Aktive Stadtentwicklung – Interessen verstehen, verknüpfen und Großartiges schaffen
In nur sehr wenigen Jahren ist am ehemaligen Lodenareal ein völlig neuer Stadtteil entstanden, der die Lebensbedürfnisse der Menschen mit den Anforderungen der Zukunft ideal verbindet. Die Errichtung der größten Passivhaussiedlung Europas, der Bau des olympischen Dorfes für die Youth Olymic Games (YOG 2012) und der Aufbau einer erfolgreichen Nachbarschaft sowie die Gestaltung der neuen Sillmündung. Neben den Grünflächen im Siedlungsbereich konnten auch Erholungsräume entlang der Sill geschaffen werden, die einen Aufenthalt im Grünen mitten in der Stadt schaffen. „Der Trenndamm zwischen Altarm und Inn ist mit standortgerechten Laubgehölzen dicht bepflanzt. Dies bewirkt neben den ökologischen Erfordernissen auch eine Verbesserung des Sichtschutzes vom neuen Wohngebiet zur Hauptverkehrsstraße Haller Straße“, informiert Vizebürgermeister Franz X. Gruber.

Sicherer Wohnraum und attraktive Naherholung
„Die bewegte Hochwassergeschichte an der Sill ist ein Beleg dafür, dass die Verbesserung des Hochwasserschutzes entlang der Sill und beim Mündungsbereich am Inn eine Investition in die Sicherheit der Bevölkerung in Innsbruck ist“, weiß Stadträtin Marie-Luise Pokorny-Reitter. Hochwasserschutz hat viele Gesichter – einmal sind es Mauern mit dicken Flussbausteinen, ein anderes Mal ist es ein wohlgestaltetes grünes Ufer. „Im Bereich der Sillmündung wurden verschiedene neue Methoden der Flußgestaltung und des Hochwasserschutzes angewendet.

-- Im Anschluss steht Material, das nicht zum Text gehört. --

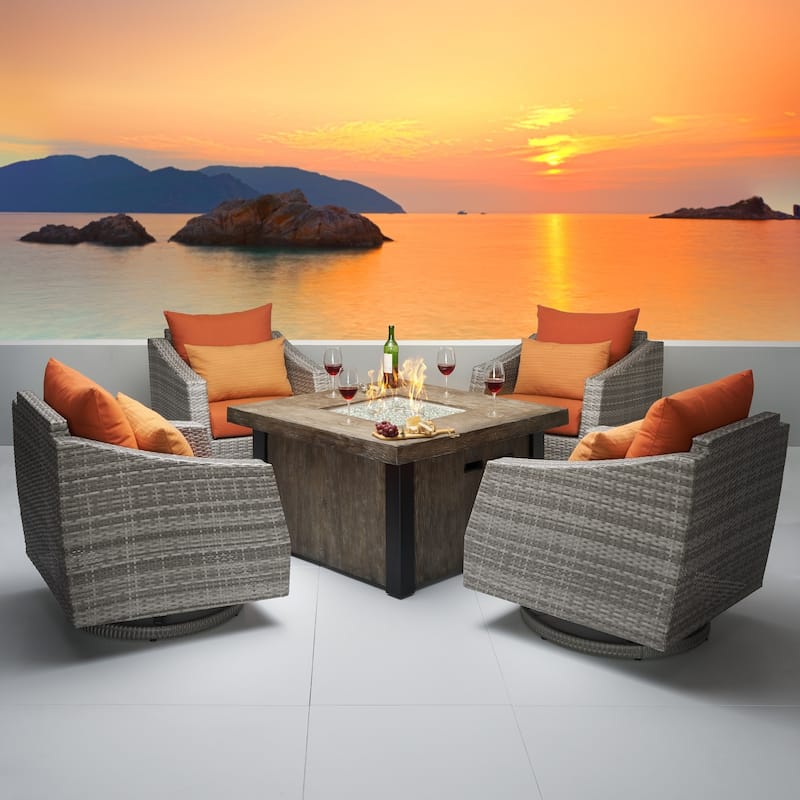 Cannes 5 Piece Sunbrella Outdoor Patio Motion Fire Chat Set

Der Hochwasserschutz für ein Laienauge nicht mehr erkennbar, man sieht nur ein schön gestaltetes Ufer und einen ökologischen Altarm der Sill“, bestätigt Landeshauptmannstellvertreter Anton Steixner. Gerade im Bereich der Sillmündung ist der hocheffiziente Hochwasserschutz für ein Laienauge gar nicht mehr erkennbar, denn der Besucher sieht nur ein schön gestaltetes Ufer und einen ökologischen Altarm der Sill. Eine Rampe mit einem Höhenunterschied von über zwei Metern soll ab Sommer 2012 eine stehende Welle für KajakfahrerInnen und SurferInnen bilden.

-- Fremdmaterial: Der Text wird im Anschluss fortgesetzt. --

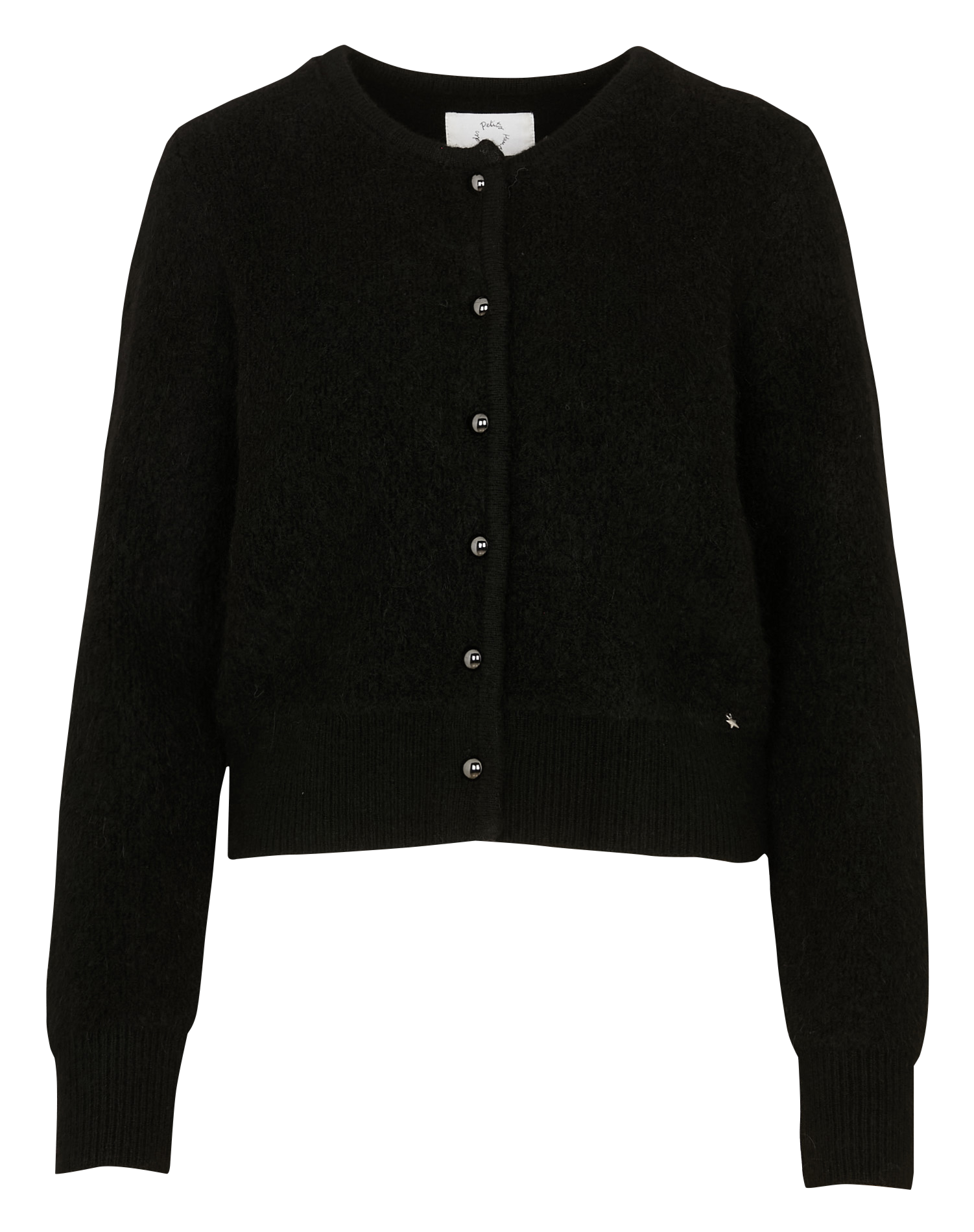 Oversized round neck wool blend vest DES PETITS HAUTS Black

„Es war mir immer ein Anliegen, Sport und Naherholung für die Innsbrucker Bevölkerung in ihrer Stadt zu ermöglichen. Mit der Kajakrampe entsteht hier in diesem neuen Wohngebiet ein hervorragendes Naherholungs- und Freizeitzentrum“, zeigt sich Vizebürgermeister Christoph Kaufmann sichtlich stolz. KajakfahrerInnen und SurferInnen, egal ob AnfängerInnen oder Profis, können diese Welle erobern. Geduld ist jedoch gefragt – wie auch in der Natur: Das Warten auf die perfekte Welle lohnt sich!

Stolz auf vorbildliche Zusammenarbeit und Projektmanagement
Die Abwicklung eines solchen komplexen Projektes mit den verschiedensten technischen, ökologischen und gestalterischen Ansprüchen ist kein einfaches Unterfangen. „Ich bin sehr stolz – wir haben dieses multifunktionale Projekt innerhalb der geplanten Projektzeit und im geplanten Kostenrahmen umgesetzt. Das geht nur mit einer effizienten Projektbearbeitung durch die MitarbeiterInnen des Lebensministeriums, der Stadt Innsbruck und des Landes Tirol sowie alle beteiligten Firmen unter Führung eines zielorientierten Projektmanagements“, spricht die Innsbrucker Bürgermeisterin ihren Dank aus.